■ **What needs to be done**
Wherever "Windows" shows up in the records below, copy the whole line.

--- Data extract ---

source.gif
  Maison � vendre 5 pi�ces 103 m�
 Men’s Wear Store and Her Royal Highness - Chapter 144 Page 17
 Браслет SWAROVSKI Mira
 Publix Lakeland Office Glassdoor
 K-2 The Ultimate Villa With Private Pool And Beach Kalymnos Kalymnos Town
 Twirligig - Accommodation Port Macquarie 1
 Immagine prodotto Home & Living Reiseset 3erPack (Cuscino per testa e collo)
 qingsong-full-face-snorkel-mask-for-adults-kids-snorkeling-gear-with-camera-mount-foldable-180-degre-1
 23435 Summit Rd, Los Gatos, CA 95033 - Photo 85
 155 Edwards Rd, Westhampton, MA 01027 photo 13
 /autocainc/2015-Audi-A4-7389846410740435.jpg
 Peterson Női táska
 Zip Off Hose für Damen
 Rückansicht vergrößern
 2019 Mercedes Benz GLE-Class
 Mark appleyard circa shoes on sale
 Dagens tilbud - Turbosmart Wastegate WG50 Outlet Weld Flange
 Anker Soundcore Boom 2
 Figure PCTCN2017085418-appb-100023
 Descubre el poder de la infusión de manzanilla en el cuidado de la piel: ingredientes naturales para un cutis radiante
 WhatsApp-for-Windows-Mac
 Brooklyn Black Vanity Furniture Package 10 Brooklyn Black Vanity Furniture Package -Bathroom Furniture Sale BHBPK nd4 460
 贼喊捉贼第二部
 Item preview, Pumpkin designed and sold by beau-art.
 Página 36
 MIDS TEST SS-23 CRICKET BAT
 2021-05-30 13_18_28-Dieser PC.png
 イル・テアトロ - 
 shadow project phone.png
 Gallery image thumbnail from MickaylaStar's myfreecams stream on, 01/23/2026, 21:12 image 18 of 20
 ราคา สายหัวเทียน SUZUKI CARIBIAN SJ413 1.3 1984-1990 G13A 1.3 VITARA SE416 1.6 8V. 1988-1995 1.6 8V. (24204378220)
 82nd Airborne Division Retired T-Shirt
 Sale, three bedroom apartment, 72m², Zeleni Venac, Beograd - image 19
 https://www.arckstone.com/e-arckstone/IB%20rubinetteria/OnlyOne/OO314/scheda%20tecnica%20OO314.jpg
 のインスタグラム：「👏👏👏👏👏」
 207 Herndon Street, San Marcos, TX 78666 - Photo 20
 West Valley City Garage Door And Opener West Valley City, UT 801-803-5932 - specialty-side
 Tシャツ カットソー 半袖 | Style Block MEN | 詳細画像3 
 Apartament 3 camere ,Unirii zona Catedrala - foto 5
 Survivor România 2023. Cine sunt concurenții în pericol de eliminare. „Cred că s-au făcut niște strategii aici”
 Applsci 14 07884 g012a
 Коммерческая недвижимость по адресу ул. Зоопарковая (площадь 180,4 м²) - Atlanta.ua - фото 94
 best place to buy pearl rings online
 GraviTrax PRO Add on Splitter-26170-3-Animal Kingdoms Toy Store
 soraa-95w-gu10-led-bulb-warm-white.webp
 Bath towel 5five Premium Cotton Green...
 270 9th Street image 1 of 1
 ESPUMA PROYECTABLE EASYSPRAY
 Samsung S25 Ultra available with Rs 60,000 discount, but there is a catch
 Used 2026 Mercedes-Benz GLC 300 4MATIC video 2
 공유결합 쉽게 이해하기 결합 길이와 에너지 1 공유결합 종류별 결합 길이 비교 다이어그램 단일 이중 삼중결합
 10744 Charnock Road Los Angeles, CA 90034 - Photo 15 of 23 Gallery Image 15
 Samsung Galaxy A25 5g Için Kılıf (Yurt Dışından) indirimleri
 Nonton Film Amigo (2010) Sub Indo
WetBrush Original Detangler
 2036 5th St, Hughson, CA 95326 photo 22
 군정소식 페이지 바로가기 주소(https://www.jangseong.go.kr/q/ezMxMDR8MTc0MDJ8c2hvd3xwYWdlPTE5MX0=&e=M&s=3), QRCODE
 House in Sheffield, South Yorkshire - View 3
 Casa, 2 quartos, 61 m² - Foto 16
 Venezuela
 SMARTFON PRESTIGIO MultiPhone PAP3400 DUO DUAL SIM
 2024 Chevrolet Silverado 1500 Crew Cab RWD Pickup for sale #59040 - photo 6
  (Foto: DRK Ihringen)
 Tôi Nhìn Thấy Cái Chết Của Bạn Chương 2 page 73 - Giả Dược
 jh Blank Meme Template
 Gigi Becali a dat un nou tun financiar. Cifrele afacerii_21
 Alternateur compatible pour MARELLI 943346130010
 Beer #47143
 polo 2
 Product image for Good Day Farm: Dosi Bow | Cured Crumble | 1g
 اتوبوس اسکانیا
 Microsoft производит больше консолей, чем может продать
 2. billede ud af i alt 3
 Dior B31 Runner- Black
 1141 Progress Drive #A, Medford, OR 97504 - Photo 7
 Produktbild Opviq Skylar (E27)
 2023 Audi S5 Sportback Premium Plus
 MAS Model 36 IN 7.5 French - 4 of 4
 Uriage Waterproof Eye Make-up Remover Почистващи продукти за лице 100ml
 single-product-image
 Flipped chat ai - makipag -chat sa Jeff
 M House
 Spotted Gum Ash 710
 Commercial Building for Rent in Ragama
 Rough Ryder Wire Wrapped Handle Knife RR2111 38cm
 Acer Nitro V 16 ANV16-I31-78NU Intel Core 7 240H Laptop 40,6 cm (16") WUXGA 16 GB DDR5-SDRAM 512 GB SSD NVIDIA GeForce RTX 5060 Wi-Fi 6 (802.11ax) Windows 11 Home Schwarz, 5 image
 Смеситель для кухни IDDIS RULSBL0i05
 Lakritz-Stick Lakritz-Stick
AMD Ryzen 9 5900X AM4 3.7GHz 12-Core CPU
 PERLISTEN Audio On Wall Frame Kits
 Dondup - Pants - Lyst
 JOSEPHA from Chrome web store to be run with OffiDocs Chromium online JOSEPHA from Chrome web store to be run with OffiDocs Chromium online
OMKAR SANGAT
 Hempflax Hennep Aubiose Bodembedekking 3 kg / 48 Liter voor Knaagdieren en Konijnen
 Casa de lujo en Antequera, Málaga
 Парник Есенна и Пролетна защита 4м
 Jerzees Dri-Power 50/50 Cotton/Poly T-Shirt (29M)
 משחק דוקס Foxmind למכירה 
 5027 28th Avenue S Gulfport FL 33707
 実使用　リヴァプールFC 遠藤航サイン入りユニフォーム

---

■ **Written reply**
 WhatsApp-for-Windows-Mac
 Acer Nitro V 16 ANV16-I31-78NU Intel Core 7 240H Laptop 40,6 cm (16") WUXGA 16 GB DDR5-SDRAM 512 GB SSD NVIDIA GeForce RTX 5060 Wi-Fi 6 (802.11ax) Windows 11 Home Schwarz, 5 image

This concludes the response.